Dla mnie osobiście wspieranie „Przymierza…” jako największego pisma dla katolików w Polsce było i jest satysfakcjonujące i ważne. Nie bez znaczenia są osobistości od lat związane i utożsamiane z pismem. Redaktor naczelny we wstępie do każdego egzemplarza zapoznaje z jego tematyką, ale też akcentuje najważniejsze przesłania obecnej chwili, tj. że wszystkie aktualne wydarzenia nie mogą przesłaniać faktu w jakich czasach żyjemy obecnie i co jest naszym teraźniejszym obowiązkiem. Cenię także postawę Prezesa Stowarzyszenia, p. Sławomira Olejniczaka za pracowitość, energię i siłę działania. Niebanalne formy imiennego i adresowego sposobu komunikowania się też mają wielu zwolenników i entuzjastów. A w piśmie szczególną uwagę przykuwają: temat główny, święte wzory, kampanie, lektury duchowe, felietony, problemy. Ciekawa tematyka poszerza grono Czytelników.

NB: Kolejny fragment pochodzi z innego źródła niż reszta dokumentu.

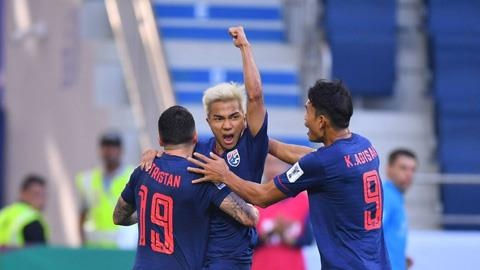 CDV noi tieng Thai Lan tiet lo so tien khung di ung ho doi nha hinh anh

Kończąc, pragnę złożyć na ręce Pana Prezesa oraz Pana Redaktora i całej Redakcji moje podziękowania i pozdrowienia. Życzę dużo wytrwałości i siły w działaniu. Pragnę też zapewnić o swojej modlitwie w Waszej intencji i intencji Przyjaciół. Szczęść Boże!
Zofia
Od Redakcji:
Szanowna Pani Zofio!
Z całego serca dziękujemy za Pani piękne, pełne serdeczności i szczerości słowa. To dla nas zaszczyt, że mogliśmy być częścią Pani codzienności i duchowej drogi przez tak długi czas. Mimo wszelkich trudności, ufamy, że nadal będziemy mieć ze sobą kontakt! Dziękujemy za Pani zapewnienie o modlitwie. Prosimy również przyjąć nasze modlitwy i życzenia wszelkich łask Bożych, szczególnie w tym wymagającym czasie. Niech Matka Najświętsza otacza Panią swoją opieką, a Duch Święty napełnia siłą, pokojem i nadzieją.
Z wdzięcznością i szacunkiem
Redakcja „Przymierza z Maryją” oraz Stowarzyszenie Kultury Chrześcijańskiej im. Ks. Piotra Skargi
Szczęść Boże!
Bardzo dziękuję Stowarzyszeniu Ks. Piotra Skargi za obfite, mądre, rozsądne i aktualne tematy poruszane w korespondencji i wydawnictwach, przypominające wielokrotnie ważne wydarzenia historyczne, ważne zdarzenia utwierdzające w człowieku głęboko wierzącym i myślącym rzeczywistą prawdę, że nasza wiara opiera się na ufności, że Pan Bóg działa w naszym imieniu i z wielką mocą, że prowadzi nas dobrymi drogami. Jest to bardzo ważne, że Prezes Stowarzyszenia i Redakcja „Przymierza z Maryją” swoją pracą stale wzmacniają i przypominają o obecności Pana Boga w naszym życiu. Ufam, dziękuję i proszę o dalsze wskazówki prowadzące do dobrego i mądrego działania. Serdecznie pozdrawiam i życzę dużo cierpliwości i zdrowia w działalności!